The Paris-based Organization for Economic Co-operation and Development has released new semi-annual forecasts of growth and inflation this year and for 2009. For those areas that comprise the G7 — the U.S., Japan, Britain, Canada and the big-3 of Euroland — one can derive a growth/inflation tradeoff index by subtracting the latter from the former. This calculation is variation on the old misery index (inflation plus jobless rate) that was popular in the stagflating 1970’s and early 1980’s. Neither inflation nor unemployment are currently high enough to revive the misery index per se, but stick around. You never know.

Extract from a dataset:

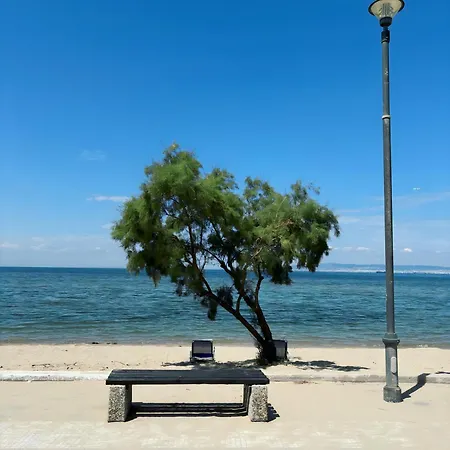 Minu Sonniges In Direkter Strandnaehe, Schnelles Internet, Freies Parken, Nahe Flughafen Peraia (Thessaloniki)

Higher growth and lower inflation are desired, so a low GDP/Price quotient is worse than a higher measure. The U.S. and Ezone have similar quotients in 2008 based on the latest OECD forecasts (-1.7% for both) and 2009 (-1.1% in the U.S. and -1.0% in Euroland). Britain’s scores are -1.2% for 2008 and -1.1% for 2009. Japan’s results look the best of all (+0.8% and then +1.1%) but must be interpreted with a grain of salt because of deflationary vestiges that remain in that economy. For Japan, inflation is actually too low and only positive because of the effects of energy. Canada also grades favorably with quotients of -0.1% in 2008 and 0.7% in 2009.